The model has been created in the s3 bucket in the particular folder.

#### Deploy Machine Learning Model As Endpoints

In [None]:
xgb_predictor = estimator.deploy(initial_instance_count=1,instance_type='ml.m4.xlarge')   #endpoints will be created

### Prediction on the Train Data

In [None]:
from sagemaker.predictor import csv_serializer    #data is a csv file
train_data_array = train_data.drop(['Outcome'], axis=1).values     #load the data into an array
xgb_predictor.serializer = csv_serializer     # set the serializer type
predictions_train = xgb_predictor.predict(train_data_array).decode('utf-8')   # predict!
predictions_array_train = np.fromstring(predictions[1:], sep=',')   # and turn the prediction into an array
print(predictions_array_train.shape)

In [None]:
#Creating the confusion matrix on train data

cm_train = pd.crosstab(index=train_data['Outcome'], columns=np.round(predictions_array_train), rownames=['Observed'], colnames=['Predicted'])
tn_train = cm_train.iloc[0,0]; fn_train = cm_train.iloc[1,0]; tp_train = cm_train.iloc[1,1]; fp_train = cm_train.iloc[0,1]; p_train = (tp_train+tn_train)/(tp_train+tn_train+fp_train+fn_train)*100
print("\n{0:<20}{1:<4.1f}%\n".format("Overall Classification Rate: ", p_train))
print("{0:<15}{1:<15}{2:>8}".format("Predicted", "Negative", "Positive"))
print("Observed")
print("{0:<15}{1:<2.0f}% ({2:<}){3:>6.0f}% ({4:<})".format("Negative", tn_train/(tn_train+fn_train)*100,tn_train, fp_train/(tp_train+fp_train)*100, fp_train))
print("{0:<16}{1:<1.0f}% ({2:<}){3:>7.0f}% ({4:<}) \n".format("Positive", fn_train/(tn_train+fn_train)*100,fn_train, tp_train/(tp_train+fp_train)*100, tp_train))

### Prediction on the Test Data

In [None]:
from sagemaker.predictor import csv_serializer    #data is a csv file
test_data_array = test_data.drop(['Outcome'], axis=1).values     #load the data into an array
xgb_predictor.serializer = csv_serializer     # set the serializer type
predictions = xgb_predictor.predict(test_data_array).decode('utf-8')   # predict!
predictions_array = np.fromstring(predictions[1:], sep=',')   # and turn the prediction into an array
print(predictions_array.shape)

In [None]:
#Creating the confusion matrix on test data

cm = pd.crosstab(index=test_data['Outcome'], columns=np.round(predictions_array), rownames=['Observed'], colnames=['Predicted'])
tn = cm.iloc[0,0]; fn = cm.iloc[1,0]; tp = cm.iloc[1,1]; fp = cm.iloc[0,1]; p = (tp+tn)/(tp+tn+fp+fn)*100
print("\n{0:<20}{1:<4.1f}%\n".format("Overall Classification Rate: ", p))
print("{0:<15}{1:<15}{2:>8}".format("Predicted", "Negative", "Positive"))
print("Observed")
print("{0:<15}{1:<2.0f}% ({2:<}){3:>6.0f}% ({4:<})".format("Negative", tn/(tn+fn)*100,tn, fp/(tp+fp)*100, fp))
print("{0:<16}{1:<1.0f}% ({2:<}){3:>7.0f}% ({4:<}) \n".format("Positive", fn/(tn+fn)*100,fn, tp/(tp+fp)*100, tp))

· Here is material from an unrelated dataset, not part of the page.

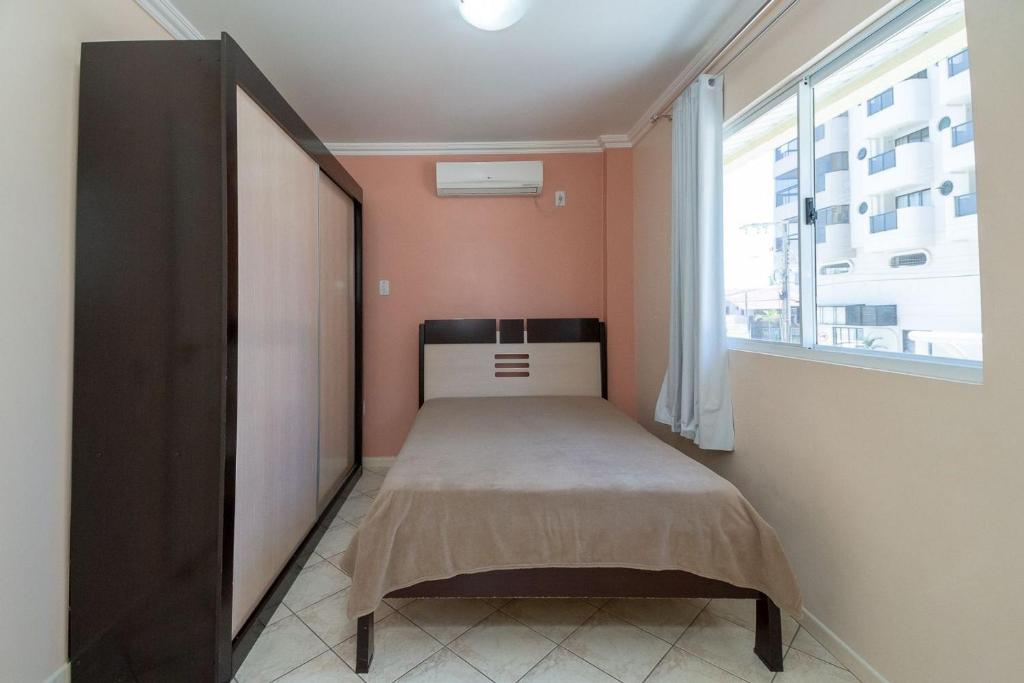  Aluguel Apartamento 3 quartos s 1 suíte 100m Mar Bombas SC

### Deleting the endpoints

Once the prediction from the endpoint is done don't run it continuously because the charges will going on.
once the endpoint address is created it needs to be deleted to avoid any extra charges.

In [None]:
sagemaker.Session().delete_endpoint(xgb_predictor.endpoint)      #Deleteing the endpoint
bucket_to_delete=boto3.resource('s3').Bucket(bucket_name)        #Deleting the bucket
bucket_to_delete.objects.all().delete()

The process of deleting endpoints and s3 bucket can also be done manually.